Este machismo é suportado principalmente pela vertente do rap, reflectindo-se depois no resto da cultura: desde os termos utilizados para se referir às mulheres até às videoclips chics. Não há dúvida aqui: é um mundo maioritariamente de/para homens.

Mas onde começou esta atitude que, à primeira vista, não seria algo que conjugasse tão bem com os princípios de união e paz que tanto se apregoa dentro deste mundo? Há quem diga que começou assim que o hip hop se associou ao mainstream. Mas eu acho que não.

Na minha opinião, e não entendam isto como uma crítica racista, o machismo vem da própria cultura afro-americana e, sendo assim, o machismo não apareceu no hip hop, mas estava lá quando o hip hop americano começou. Claro que não me refiro às festas que o Grandmaster Flash, o Afrika Bambaataa ou o Kool DJ Herc davam, mas acredito que há medida que o rap crescia e a sua forma ficando mais definida, as coisas tornaram-se mais visíveis. O rap, principalmente no início, sempre reflectiu a situação dos imigrantes africanos nos EUA (e os seus descendentes). À medida que o hip hop cresceu, o rap deixou de ser black music, como muitos ainda acreditam que é. Mas o machismo permaneceu. Não é também nenhuma novidade que há uma certa crença em algumas culturas africanas (e árabes) de que a mulher, o “sexo fraco”, é inferior ao homem. Acredito, por isso, que isto foi transportado para o hip hop, sendo mais explícito na vertente musical.

Obviamente, a indústria teve bastante interesse em explorar o estereotipo do rapper machão, num mundo onde não há mulheres, só bitches, criando assim uma série de material que transmite mensagens onde a mulher é inferiorizada, que nem vale a pena estar a exemplificar.

Claro que também não devemos desatar a apontar o dedo de cada vez que um rapper afro-americano diz bitch ou hoe. O que é preciso pensar é: aquilo poderia ser substituído por quê? Se o MC se está a referir às mulheres em geral, então o insulto é machista. Se se está a referir a uma mulher em particular, não tem necessariamente de se interpretar da mesma maneira. Lá por eu dizer que aquela gaja é uma cabra, não significa que sinta o mesmo pelo sexo feminino em geral. É só que às vezes, ela está mesmo a pedir.

Por outro lado, há que ter em conta que estamos a falar de uma cultura do ponto de vista da nossa. Na nossa cultura, ou mais propriamente na norte-americana, bitch é um insulto com grande conotação machista. Ora, às vezes, surgem exemplos de pessoas afro-americanas que usam a mesma palavra mas sem querer exprimir todo o significado que nós tiramos dela. Por exemplo: “I Love My Bitch”, do Busta Rhymes. «Grande contradição», diríamos nós. Como é que palavras como “love” e “bitch” podem estar ligadas no mesmo título? Para tirar conclusões, há que saber não só pensar por nós, mas imaginar como os outros pensam.

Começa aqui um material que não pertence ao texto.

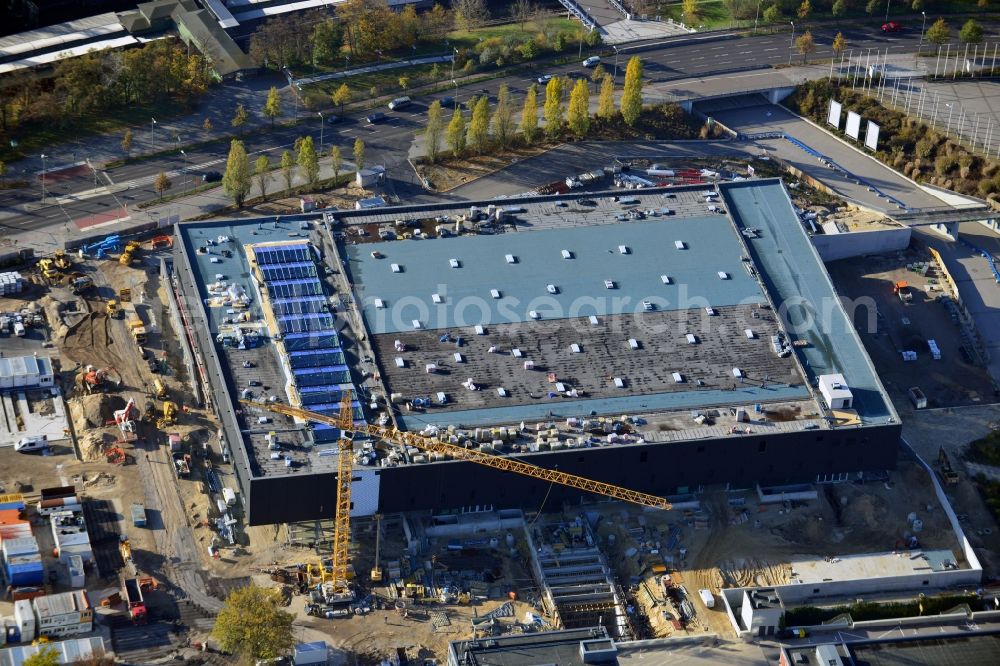 Berlin from the bird's eye view: View of construction site at the exhibition venue Cube City Exhibition Grounds in Berlin Charlottenburg. On the site of the demolished Germany Hall is to be completed by the end of 2013, designed by the architectural firm UNIQUE CODE suitable congress hall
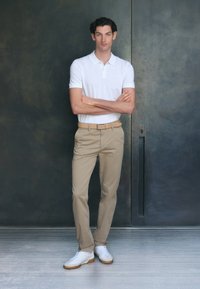 Camisa polo blanca de manga corta, chinos beige y zapatillas blancas. El modelo está de pie contra un fondo oscuro y texturizado, con los brazos cruzados.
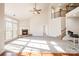 Bright living room with high ceilings, a ceiling fan, fireplace, and lots of natural light at 10142 Linksland Dr, Huntersville, NC 28078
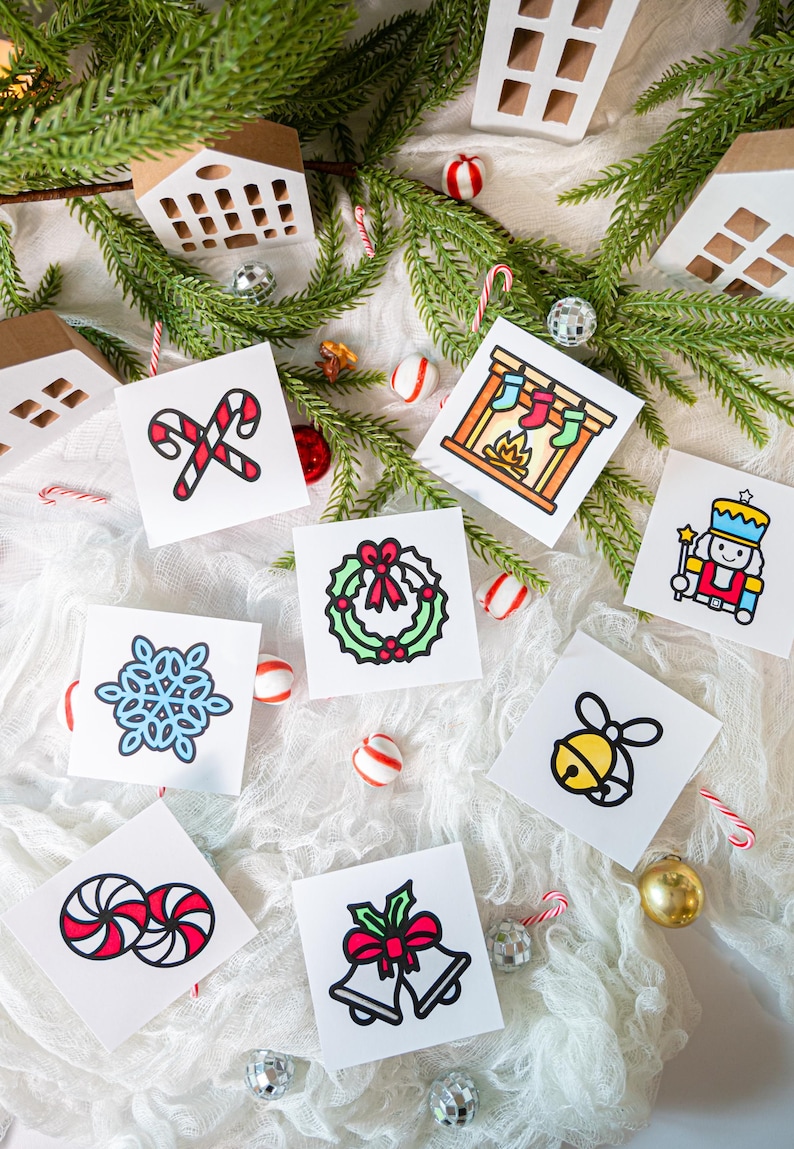 May include: A collection of eight square white cards featuring colorful Christmas illustrations including candy canes, a fireplace with stockings, a nutcracker, a snowflake, a wreath, a bell, peppermint candies, and two bells with a red bow.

«I'm calling my black woman a bitch / I'm calling my peoples all kinds of thing that they're not»

Wu-Tang Clan - “Wu-Revolution” in Wu-Tang Forever (1997)

Um documentário interessante que aborda o assunto: “Hip Hop: Beyond Beats and Rhymes” de Byron Hurt.

4 comentários:

Raizes Urbanas disse...

O Rap na sua pura forma de ser tem um conjunto de normas de escrita que na maioria dos casos passa por letras explicitas contra a mulher (machismo) as forcas policiais homosexualidade posiçoes politicas á religião etc...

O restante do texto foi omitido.